1

When using ExcerptAppender over Chronicle Queue (append only log) is it guaranteed that only the end of file may be truncated in case of power loss i.e. all intermediate records are not corrupted? If so what implementation/filesystem/OS behaviour does this rely on?

I'm interested in linux/x64. Since this is over an mmap - my understanding is that the order of flushing of pages from page cache isn't defined and also the disk can reorder writes. Is it supposed to only be guaranteed for SSDs or a particular filesystem?

hawk
  • 1,827
  • 2
  • 14
  • 28

1 Answers1

1

Queue relies on the OS flushing the data to disk asynchronously.
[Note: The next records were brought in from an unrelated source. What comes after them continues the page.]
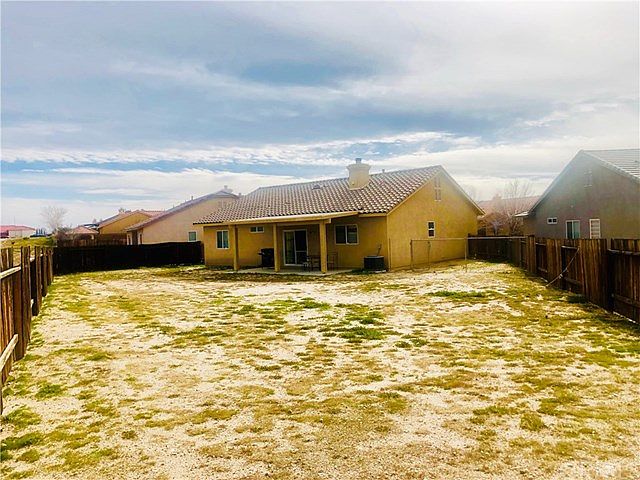 2nd image of 13155 Sunset Canyon Way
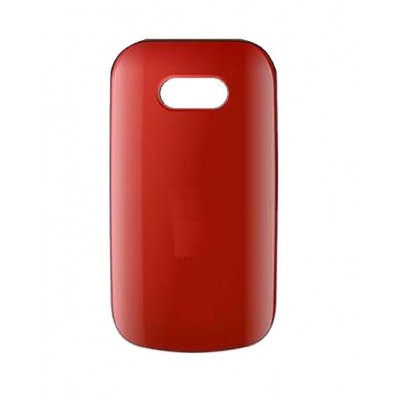 Back Panel Cover For Glx X260 Black - Maxbhi.com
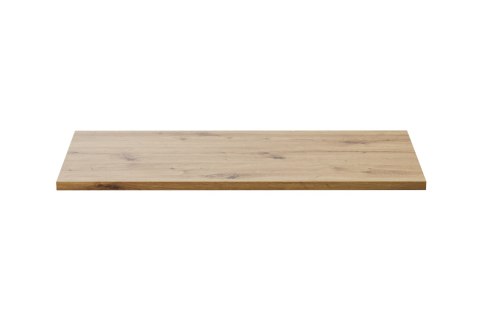 Blat 100cm Blat 100cm
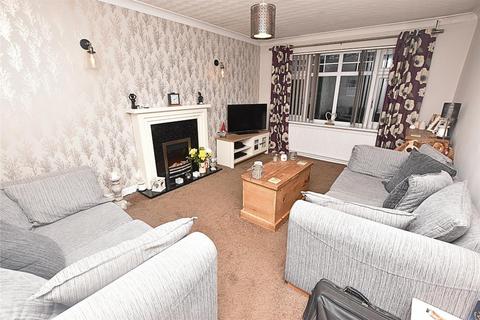 3 bedroom semi-detached house for sale, Swaby Drive, Cleethorpes DN35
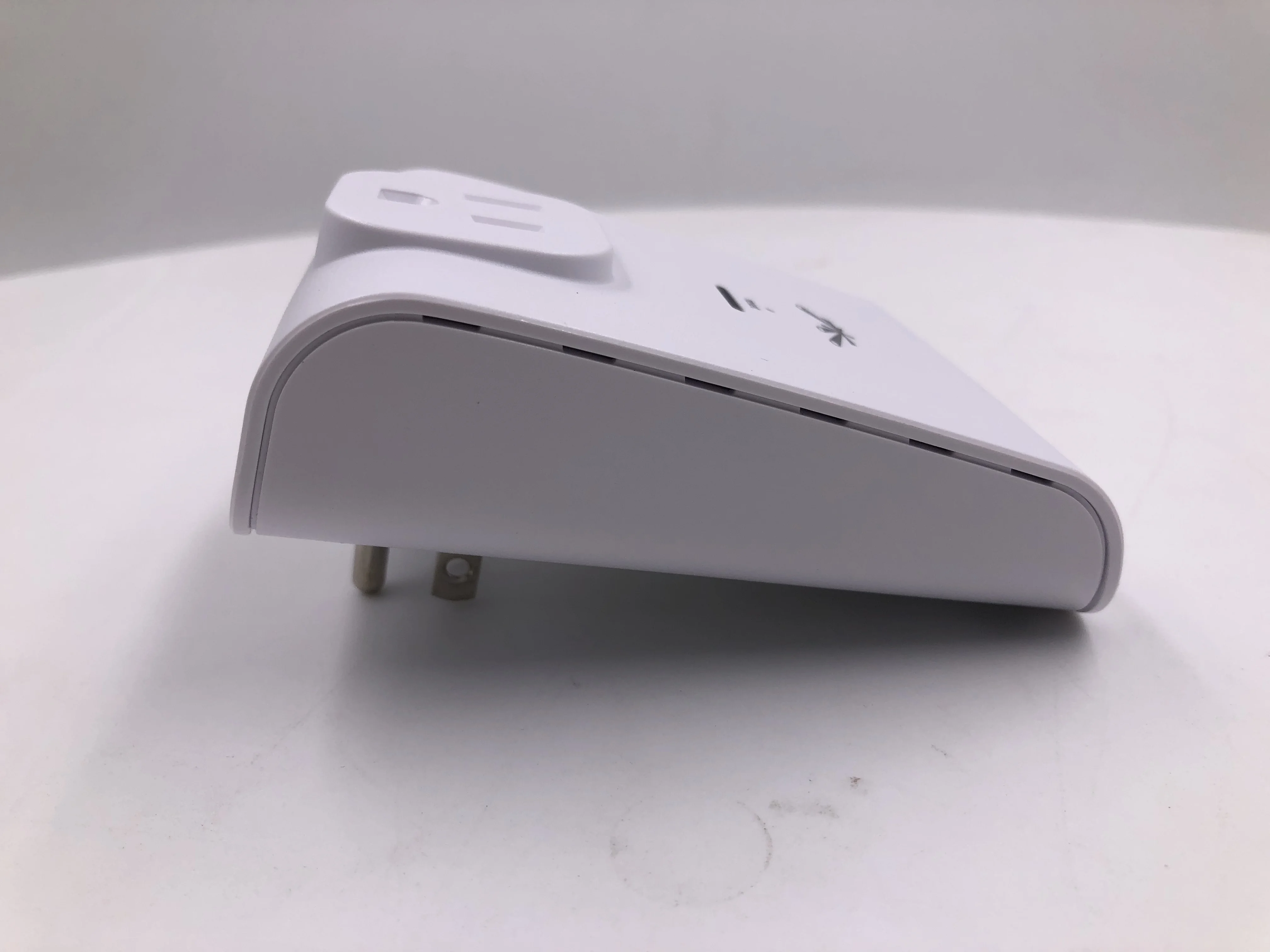 Ubiquiti mPower-MINI mFi Controllable Power Outlets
The OS usually ensures data is pushed to disk within 30 seconds by default, however the pages written could be in any order, so while 99% of the last 30 seconds might be written there is a chance all of the last 30 seconds is unreadable. This time boundary isn't dependant on the choice of disk, rather configuration of the OS.

The choice of disk alters the bust throughput sustainable, as well as how much data you can write before needing to archive or delete it.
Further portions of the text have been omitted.